» **Exercise aim**
In the material below, the lines between the one holding "Araçlar kafa kafaya" and the one holding "238 Park Lane, Hendersonville, NC", inclusive, are to be set down word for word. Pictures stay out.

» **Stored data**
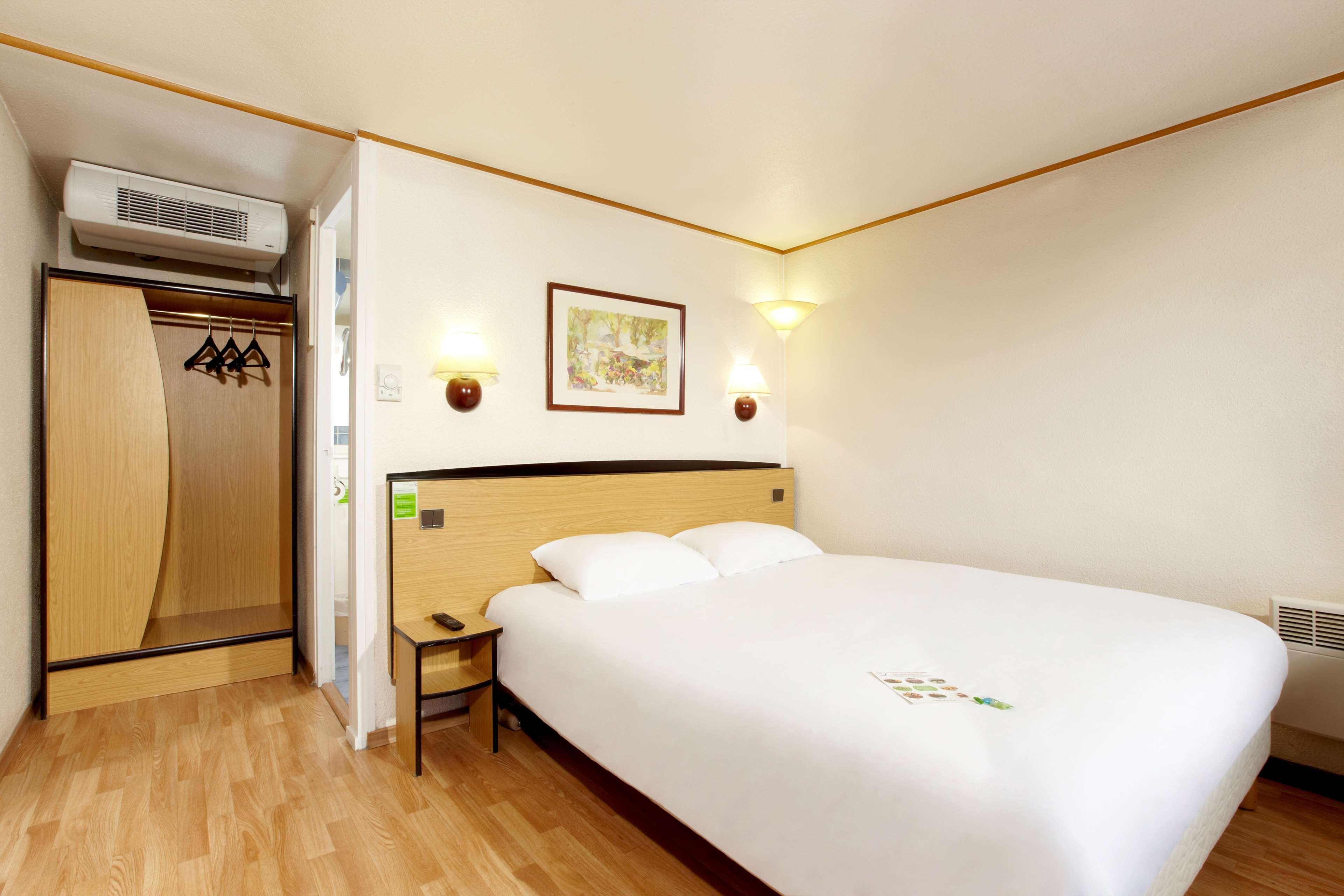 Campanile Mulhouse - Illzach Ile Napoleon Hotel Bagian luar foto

==

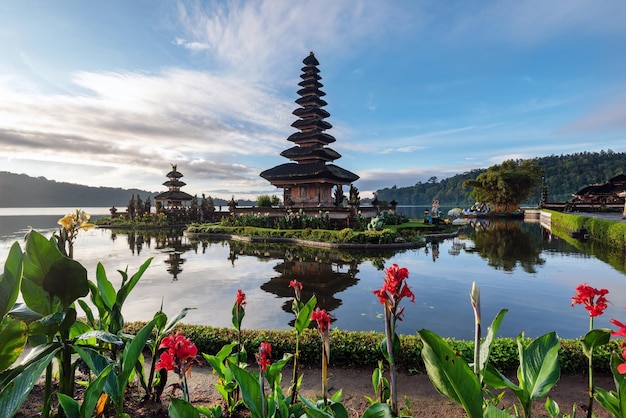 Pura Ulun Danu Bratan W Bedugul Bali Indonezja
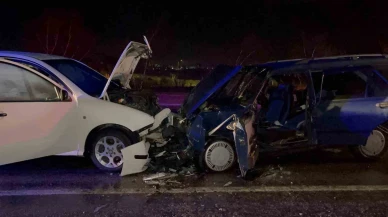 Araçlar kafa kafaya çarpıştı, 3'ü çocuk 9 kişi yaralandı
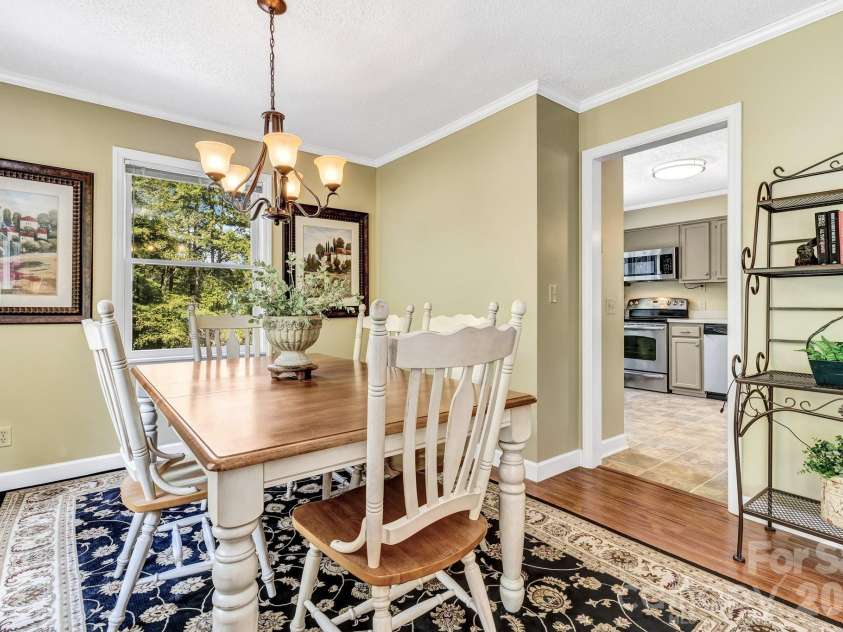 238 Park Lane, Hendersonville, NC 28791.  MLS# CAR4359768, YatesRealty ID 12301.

» **Solution to this problem**
 Araçlar kafa kafaya çarpıştı, 3'ü çocuk 9 kişi yaralandı
 238 Park Lane, Hendersonville, NC 28791.  MLS# CAR4359768, YatesRealty ID 12301.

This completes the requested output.